Al entrar a la sala se sentía estar navegando en oníricas profundidades marinas habitadas por inmensos peces transparentes más no inmateriales. Animal, título de la muestra, congregó a estos seres acuáticos transformados en esculturas gracias a la habilidad de orfebre de Marcano, al trabajar el metal, esta vez en forma de alambre, tejido hasta alcanzar los volúmenes deseados por el propio artista. El brillo del metal recordó el de las escamas y las fauces abiertas parecían querer alcanzar los insectos hechos con la misma técnica que se posaban en las paredes.

El catálogo incluyó un texto de Carolina Otero, también artista plástico, donde explica el porqué de esta exposición y lo que para ella significa y como traduce el trabajo del amigo, percepción que hace desde la propia vivencia creativa.

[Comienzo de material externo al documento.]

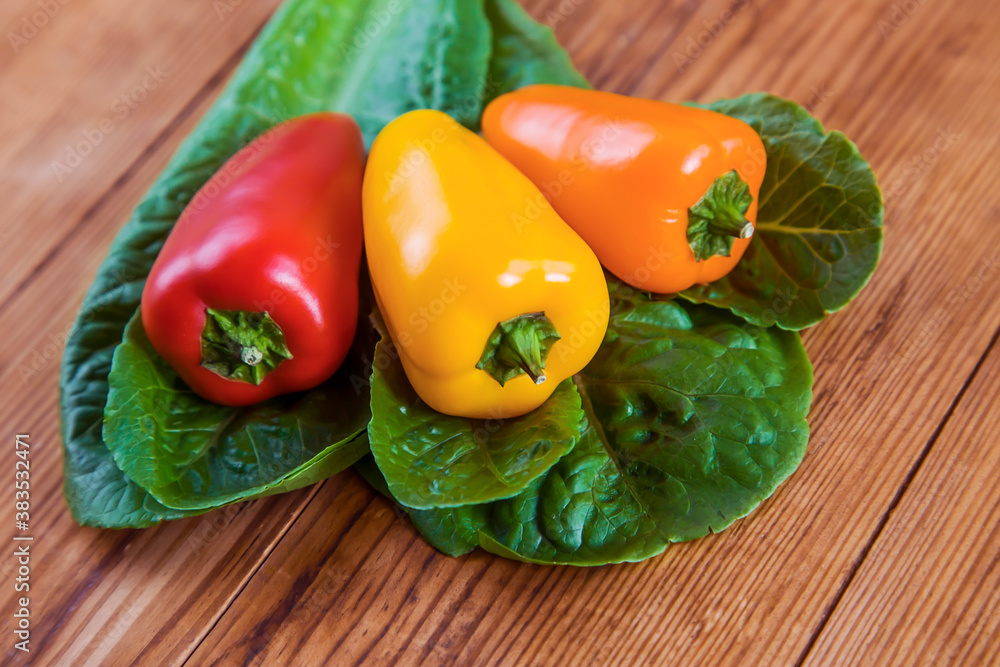three sweet peppers on wooden table background three sweet peppers on wooden table background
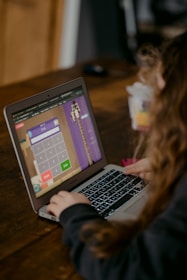 person using macbook air on brown wooden table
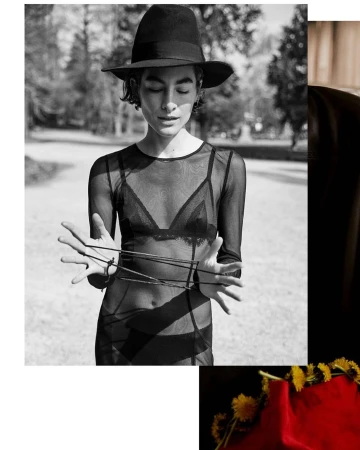 Monochrome portrait of a person in a wide-brim hat and sheer mesh top holding strings, shot by Stefano Galuzzi.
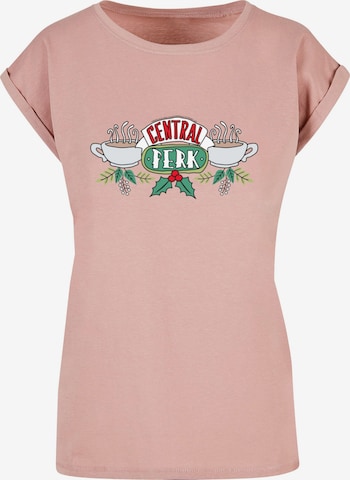 ABSOLUTE CULT T-Shirt 'Friends - Festive Central Perk' in Pink: predná strana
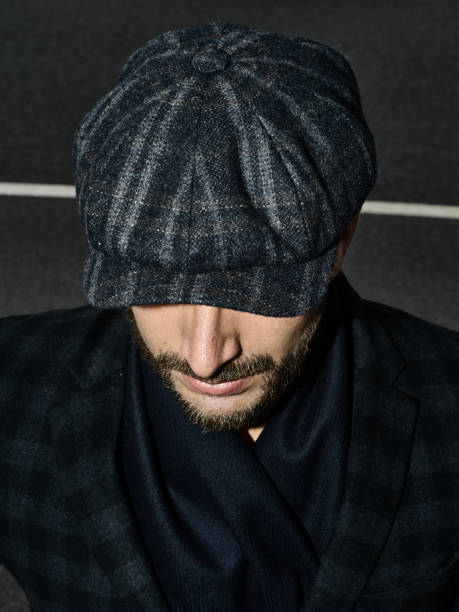 istock Brutal portrait of a man in a cap 992366530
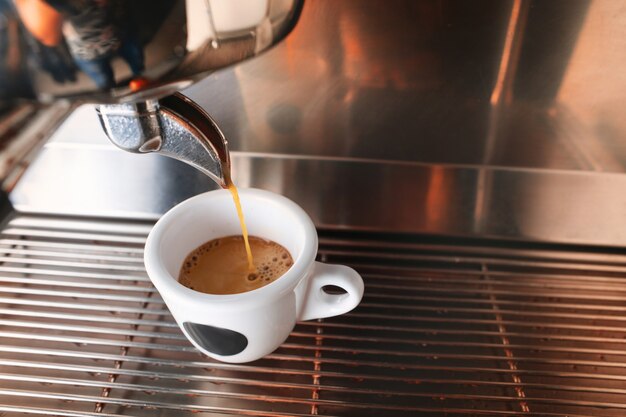 Начните день с чашки ароматного напитка. Стильная черная машина для приготовления эспрессо, заваривающая кофе, снятая в кафе.
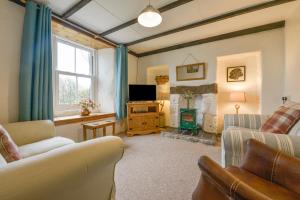 a living room with a couch and a tv at The Farmhouse in Penzance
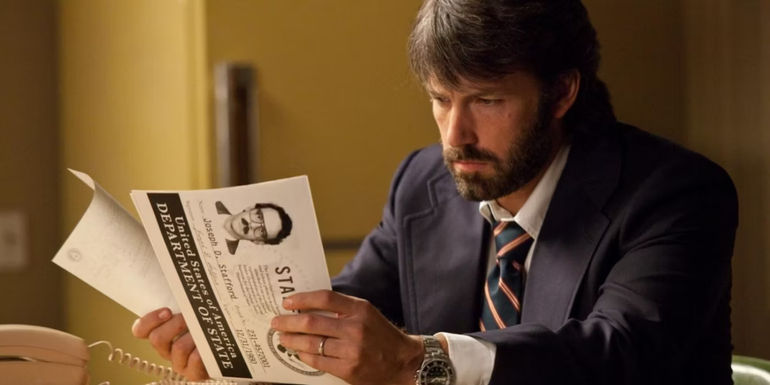 Ben Affleck looking at papers in Argo - Directed by Ben Affleck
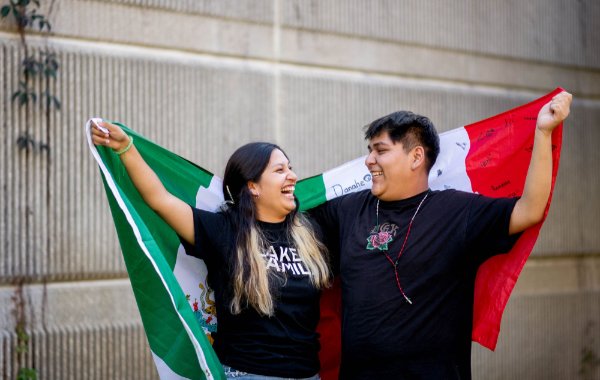 Students Jackelyn Palmas and Jose Medina laugh with one another, holding onto Mexican flags. 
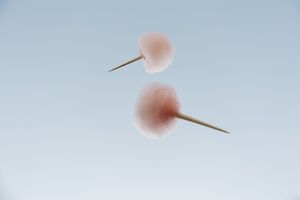 Pink cotton candy on sticks against a soft blue background creates a dreamy, minimalist composition.
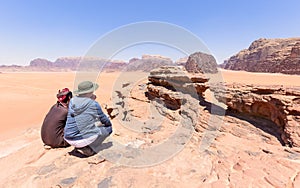 One tourist with his local guide looking at the stone arch in the desert of wadi rum in Jordan. Blue sky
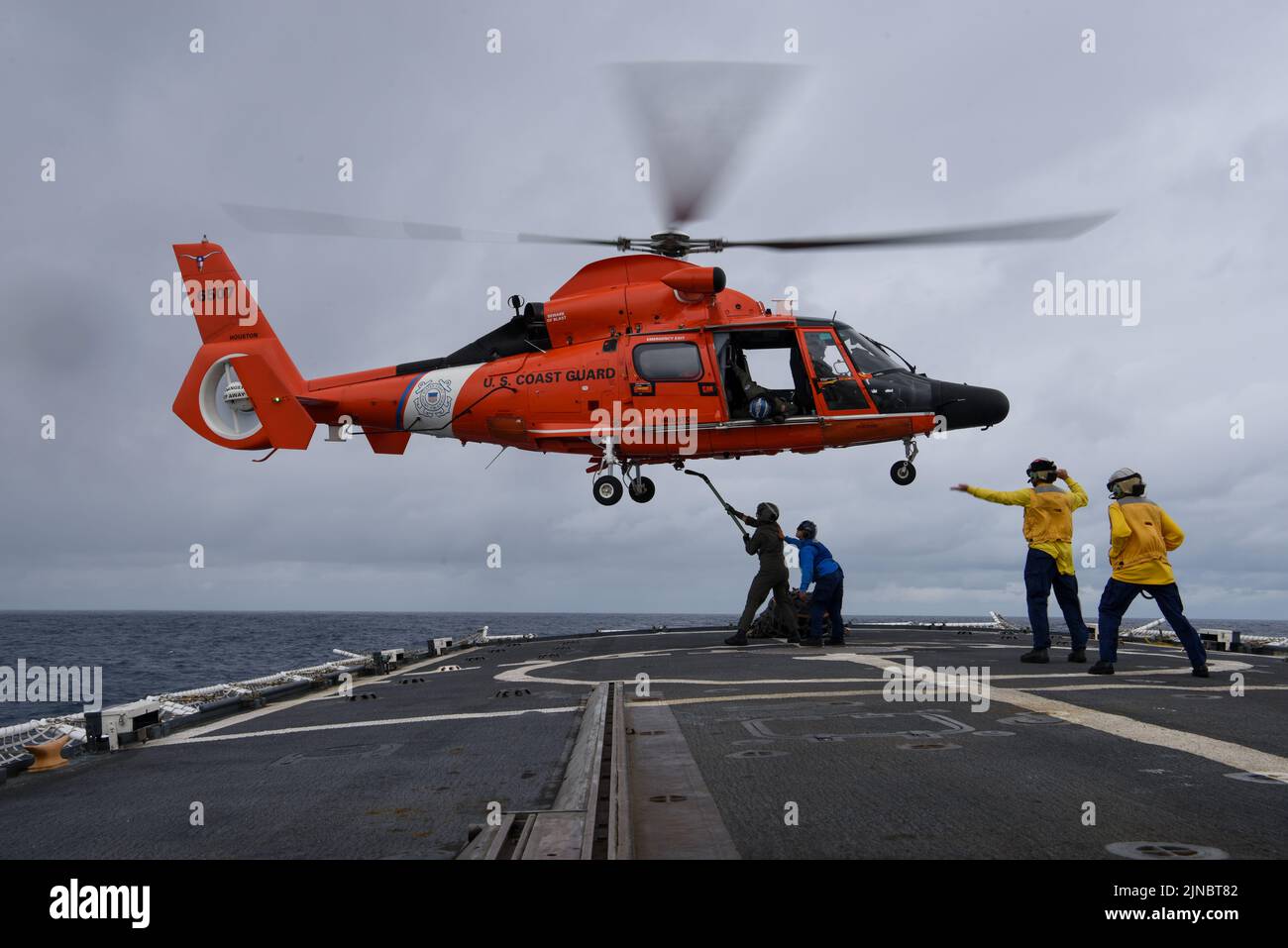 U.S. Coast Guard Petty Officer 1st Classe Josh Trammer, a sinistra, un tecnico di manutenzione Aviazione assegnato alla Stazione aerea della Guardia Costiera di Houston, collega l'imbracatura di sollevamento al gancio di carico dell'elicottero durante le operazioni di rifornimento verticale (VERTREP) con l'equipaggio MH-65 Delfino elicottero a bordo della famosa taglierina di resistenza media USCGC Mohawk (WMEC 913) in corso nell'Oceano Atlantico, 7 agosto 2022. USCGC Mohawk è in fase di dispiegamento programmato nell'area delle operazioni delle forze navali degli Stati Uniti in Africa, impiegata dalla U.S. Sesta flotta per difendere gli interessi degli Stati Uniti, degli alleati e dei partner. (STATI UNITI Guardia costiera Foto Stock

Recorrer la sala, desde cuya puerta principal se pueden ver los árboles de mango cargados por las frutas pintonas, codiciadas por las aves que desconfiadas del público que allí se reúne las picotean, resultó algo mágico y lúdico.

Para refrescar la garganta del calor meridiano circuló entre los invitados el té, esta vez frío y sin los protocolos que exigen las culturas orientales.

Los anfitriones, Nicomedes Febres Luces, Zoraida Febres de Irazábal y Ana Josefina Vicentini de Febres departieron con el público y hablaron de próximas exposiciones.